The nature of bubbles

A steep and sustained price rise and then its precipitous collapse, both unrelated to the asset's properties - that is the pattern of events which has characterised hundreds of episodes from the "South Sea Bubble" of the 17th century to the housing bubbles of the early 21st century. There is no objective way of assessing the truth of any of the various explanations that have been advanced for them. Their "information cascade" component has been observed in other contexts [1], and the "herding" behaviour that they exhibit[2] has characterised the conduct of the subjects of many experimental studies of human behaviour[3]. One surge in share prices has been termed "irrational exuberance"[4], and that term has since been applied to other episodes, but whether the word "irrational" is really justified turns on the choice of interpretation.

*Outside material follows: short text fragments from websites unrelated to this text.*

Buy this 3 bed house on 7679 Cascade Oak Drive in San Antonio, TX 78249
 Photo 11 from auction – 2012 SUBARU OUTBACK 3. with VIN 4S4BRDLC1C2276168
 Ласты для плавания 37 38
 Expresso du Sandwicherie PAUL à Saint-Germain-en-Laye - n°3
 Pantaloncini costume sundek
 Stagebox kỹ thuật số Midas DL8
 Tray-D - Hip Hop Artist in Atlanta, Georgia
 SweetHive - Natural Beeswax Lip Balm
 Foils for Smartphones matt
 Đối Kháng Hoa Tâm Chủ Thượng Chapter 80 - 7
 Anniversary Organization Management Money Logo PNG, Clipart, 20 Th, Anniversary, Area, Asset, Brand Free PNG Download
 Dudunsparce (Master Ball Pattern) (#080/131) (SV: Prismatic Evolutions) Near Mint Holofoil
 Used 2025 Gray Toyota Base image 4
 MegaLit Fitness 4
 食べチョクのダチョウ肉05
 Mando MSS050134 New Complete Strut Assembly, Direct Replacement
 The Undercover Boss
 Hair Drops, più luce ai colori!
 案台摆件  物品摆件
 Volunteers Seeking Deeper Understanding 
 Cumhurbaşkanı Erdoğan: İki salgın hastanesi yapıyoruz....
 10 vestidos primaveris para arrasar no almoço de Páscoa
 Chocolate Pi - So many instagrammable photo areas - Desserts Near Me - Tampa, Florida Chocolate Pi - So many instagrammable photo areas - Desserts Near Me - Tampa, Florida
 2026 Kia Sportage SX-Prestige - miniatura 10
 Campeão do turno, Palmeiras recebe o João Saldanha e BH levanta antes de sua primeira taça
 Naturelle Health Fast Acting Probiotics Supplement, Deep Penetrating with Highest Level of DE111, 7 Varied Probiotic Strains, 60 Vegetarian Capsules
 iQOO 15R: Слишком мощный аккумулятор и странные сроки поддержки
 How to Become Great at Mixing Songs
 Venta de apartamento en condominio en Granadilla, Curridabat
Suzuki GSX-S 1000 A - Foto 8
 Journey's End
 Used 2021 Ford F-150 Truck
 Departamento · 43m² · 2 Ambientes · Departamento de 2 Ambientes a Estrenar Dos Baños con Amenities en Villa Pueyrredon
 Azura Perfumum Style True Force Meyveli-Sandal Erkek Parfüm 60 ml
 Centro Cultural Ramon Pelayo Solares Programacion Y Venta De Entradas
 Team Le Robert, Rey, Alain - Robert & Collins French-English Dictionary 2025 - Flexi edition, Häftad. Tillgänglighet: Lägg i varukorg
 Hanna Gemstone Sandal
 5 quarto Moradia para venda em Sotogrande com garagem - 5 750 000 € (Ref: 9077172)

Such behaviour has been attributed to ill-informed noise traders, but John Maynard Keynes, himself a successful investor, has attributed it also to professional investors:

"professional investment may be likened to those newspaper competitions in which the competitors have to pick out the six prettiest faces from a hundred photographs, the prize being awarded to the competitor whose choice most nearly corresponds to the average preferences of the competitors as a whole; so that each competitor has to pick, not those faces which he himself finds prettiest, but those which he thinks likeliest to catch the fancy of the other competitors, all of whom are looking at the problem from the same point of view." [5]

Keynes' insight was supported by an NBER paper by David Scharfstein and others, which demonstrates by means of a model that herding can occur even if all the investors act rationally [6], and by another model created by Andrei Shleifer, showing the effect s of introducing noise traders [7].

The routine use of stop-loss orders (that probably contributes strongly to the speed of decline when a stock exchange bubble bursts, and is itself a form of herding behaviour), is widely practised by professional investors [8].

Examples from history

An account of bubbles in the 18th century, including "The Mississippi Scheme", "The South-Sea Bubble", and "Tulipomania" was published in 1852 [9]

Typical consequences

Frederic Mishkin has identified two categories of asset-price bubble[10]:-

  • "credit boom bubbles", in which expectations of increases in the price of some assets, lead investors to borrow against the security of those assets, increasing their demand, and enabling them to use the assets to obtain more credit and increase their leverage, in a positive feedback loop which continues until the bubble bursts. The losses then suffered lead to de-leveraging, a credit crunch, reductions in business investment and consumer expenditure, and a fall in economic activity.
  • "pure irrational exuberance bubbles", not involving leveraging and de-leveraging, which do not result in a credit crunch or cause any substantial reduction in economic activity.

The house price bubble that led to the crash of 2009 was an example of the former category, and the relatively benign "dot.com" bubble was an example of the second category.

Leading indicators

Asset price bubbles are easy to identify after they have burst, but difficult to distinguish before that happens.